## Dataset entries
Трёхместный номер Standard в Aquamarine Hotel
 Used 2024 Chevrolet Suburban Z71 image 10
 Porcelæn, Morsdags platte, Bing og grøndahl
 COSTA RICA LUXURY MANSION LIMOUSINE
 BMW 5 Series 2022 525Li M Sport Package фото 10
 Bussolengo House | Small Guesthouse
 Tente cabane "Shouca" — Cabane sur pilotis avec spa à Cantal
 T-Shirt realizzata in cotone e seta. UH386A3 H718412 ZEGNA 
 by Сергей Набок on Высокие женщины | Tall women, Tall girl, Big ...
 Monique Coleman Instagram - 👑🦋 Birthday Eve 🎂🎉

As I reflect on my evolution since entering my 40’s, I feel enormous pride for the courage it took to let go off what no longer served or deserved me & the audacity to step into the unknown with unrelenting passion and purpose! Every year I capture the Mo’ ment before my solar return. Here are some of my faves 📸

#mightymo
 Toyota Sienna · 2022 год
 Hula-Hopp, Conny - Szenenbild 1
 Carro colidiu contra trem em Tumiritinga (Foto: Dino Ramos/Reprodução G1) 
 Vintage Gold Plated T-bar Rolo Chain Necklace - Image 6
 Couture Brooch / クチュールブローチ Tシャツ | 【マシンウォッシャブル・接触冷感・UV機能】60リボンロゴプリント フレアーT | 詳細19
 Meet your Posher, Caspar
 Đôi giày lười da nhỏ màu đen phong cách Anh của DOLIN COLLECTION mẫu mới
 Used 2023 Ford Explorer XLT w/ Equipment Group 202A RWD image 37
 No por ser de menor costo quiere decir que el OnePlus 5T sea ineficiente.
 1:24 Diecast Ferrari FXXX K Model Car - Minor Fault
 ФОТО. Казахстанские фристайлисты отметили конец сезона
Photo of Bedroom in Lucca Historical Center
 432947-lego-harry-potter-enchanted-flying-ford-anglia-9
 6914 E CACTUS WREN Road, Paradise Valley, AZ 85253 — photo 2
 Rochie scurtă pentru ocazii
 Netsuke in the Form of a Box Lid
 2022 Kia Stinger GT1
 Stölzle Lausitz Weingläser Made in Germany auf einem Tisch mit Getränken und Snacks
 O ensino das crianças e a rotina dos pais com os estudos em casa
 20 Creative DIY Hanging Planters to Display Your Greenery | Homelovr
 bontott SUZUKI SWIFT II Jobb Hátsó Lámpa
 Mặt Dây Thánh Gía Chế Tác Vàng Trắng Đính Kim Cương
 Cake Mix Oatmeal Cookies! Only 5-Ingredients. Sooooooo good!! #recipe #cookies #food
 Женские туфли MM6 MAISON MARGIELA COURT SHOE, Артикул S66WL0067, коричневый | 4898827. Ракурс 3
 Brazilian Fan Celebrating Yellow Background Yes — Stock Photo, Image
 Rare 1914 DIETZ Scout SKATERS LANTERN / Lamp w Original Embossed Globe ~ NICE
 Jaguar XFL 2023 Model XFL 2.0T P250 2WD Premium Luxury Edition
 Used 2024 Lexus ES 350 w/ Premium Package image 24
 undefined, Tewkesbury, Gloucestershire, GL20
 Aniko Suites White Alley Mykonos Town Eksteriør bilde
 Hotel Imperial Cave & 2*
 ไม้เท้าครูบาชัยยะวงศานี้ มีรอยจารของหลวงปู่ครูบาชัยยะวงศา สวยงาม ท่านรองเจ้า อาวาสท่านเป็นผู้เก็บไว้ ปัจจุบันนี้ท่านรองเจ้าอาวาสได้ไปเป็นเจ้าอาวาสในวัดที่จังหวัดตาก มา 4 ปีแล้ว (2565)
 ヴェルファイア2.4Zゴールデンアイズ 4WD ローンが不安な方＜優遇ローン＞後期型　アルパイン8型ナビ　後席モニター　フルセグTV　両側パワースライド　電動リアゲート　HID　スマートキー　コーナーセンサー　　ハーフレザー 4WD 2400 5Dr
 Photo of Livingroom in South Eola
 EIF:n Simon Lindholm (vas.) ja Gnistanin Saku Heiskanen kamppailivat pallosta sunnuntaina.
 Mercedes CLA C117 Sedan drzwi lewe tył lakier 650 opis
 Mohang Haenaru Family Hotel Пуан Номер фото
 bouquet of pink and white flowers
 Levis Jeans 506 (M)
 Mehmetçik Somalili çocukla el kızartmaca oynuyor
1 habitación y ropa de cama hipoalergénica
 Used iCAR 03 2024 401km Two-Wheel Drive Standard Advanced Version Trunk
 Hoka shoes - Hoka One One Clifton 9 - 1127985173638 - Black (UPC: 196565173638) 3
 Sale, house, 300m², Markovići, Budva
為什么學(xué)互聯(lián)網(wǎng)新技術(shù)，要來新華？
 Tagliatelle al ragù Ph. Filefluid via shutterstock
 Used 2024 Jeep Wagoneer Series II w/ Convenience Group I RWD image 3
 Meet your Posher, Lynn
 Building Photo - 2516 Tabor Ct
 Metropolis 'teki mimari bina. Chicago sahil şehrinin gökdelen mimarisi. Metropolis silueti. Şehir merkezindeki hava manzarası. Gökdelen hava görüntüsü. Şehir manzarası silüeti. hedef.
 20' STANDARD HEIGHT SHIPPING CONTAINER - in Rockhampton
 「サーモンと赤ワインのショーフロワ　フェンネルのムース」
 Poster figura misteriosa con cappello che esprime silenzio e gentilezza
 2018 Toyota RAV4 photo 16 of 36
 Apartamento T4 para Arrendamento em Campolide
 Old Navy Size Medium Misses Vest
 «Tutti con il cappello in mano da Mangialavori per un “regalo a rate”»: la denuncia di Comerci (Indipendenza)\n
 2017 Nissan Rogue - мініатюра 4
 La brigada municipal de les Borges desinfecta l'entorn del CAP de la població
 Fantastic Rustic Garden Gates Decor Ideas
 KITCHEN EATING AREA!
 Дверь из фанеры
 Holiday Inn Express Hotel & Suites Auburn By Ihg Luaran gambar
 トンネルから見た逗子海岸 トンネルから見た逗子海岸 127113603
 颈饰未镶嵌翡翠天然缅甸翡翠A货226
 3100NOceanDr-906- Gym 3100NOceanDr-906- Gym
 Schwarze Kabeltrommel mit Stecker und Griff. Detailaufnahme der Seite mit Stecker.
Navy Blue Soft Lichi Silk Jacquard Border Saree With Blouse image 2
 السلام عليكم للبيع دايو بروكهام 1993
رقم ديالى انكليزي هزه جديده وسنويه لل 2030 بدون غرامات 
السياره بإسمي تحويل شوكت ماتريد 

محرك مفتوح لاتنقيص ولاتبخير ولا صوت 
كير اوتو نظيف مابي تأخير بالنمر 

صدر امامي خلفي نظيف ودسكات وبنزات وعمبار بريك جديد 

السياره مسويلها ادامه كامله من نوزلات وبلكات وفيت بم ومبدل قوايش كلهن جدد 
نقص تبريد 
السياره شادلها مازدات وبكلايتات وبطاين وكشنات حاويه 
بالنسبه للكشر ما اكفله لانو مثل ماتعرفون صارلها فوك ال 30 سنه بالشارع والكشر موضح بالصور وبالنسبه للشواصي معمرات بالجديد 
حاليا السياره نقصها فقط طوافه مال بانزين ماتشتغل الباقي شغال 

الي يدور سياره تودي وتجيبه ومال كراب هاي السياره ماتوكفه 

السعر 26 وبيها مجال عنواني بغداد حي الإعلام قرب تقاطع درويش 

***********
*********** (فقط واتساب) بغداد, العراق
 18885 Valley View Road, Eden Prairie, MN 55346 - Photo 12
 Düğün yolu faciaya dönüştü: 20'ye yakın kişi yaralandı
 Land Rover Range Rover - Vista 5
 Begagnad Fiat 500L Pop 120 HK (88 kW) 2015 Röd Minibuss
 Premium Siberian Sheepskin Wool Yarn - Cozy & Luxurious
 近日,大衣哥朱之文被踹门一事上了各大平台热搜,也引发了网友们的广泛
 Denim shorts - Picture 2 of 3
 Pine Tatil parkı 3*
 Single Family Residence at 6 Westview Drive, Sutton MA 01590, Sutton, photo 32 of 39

## What to work on
Above are the entries. Copy exactly the part that opens with the line containing "La brigada municipal" and closes with the line containing "颈饰未镶嵌翡翠天然缅甸翡翠A货226", and no more.

## Solution for this exercise
 La brigada municipal de les Borges desinfecta l'entorn del CAP de la població
 Fantastic Rustic Garden Gates Decor Ideas
 KITCHEN EATING AREA!
 Дверь из фанеры
 Holiday Inn Express Hotel & Suites Auburn By Ihg Luaran gambar
 トンネルから見た逗子海岸 トンネルから見た逗子海岸 127113603
 颈饰未镶嵌翡翠天然缅甸翡翠A货226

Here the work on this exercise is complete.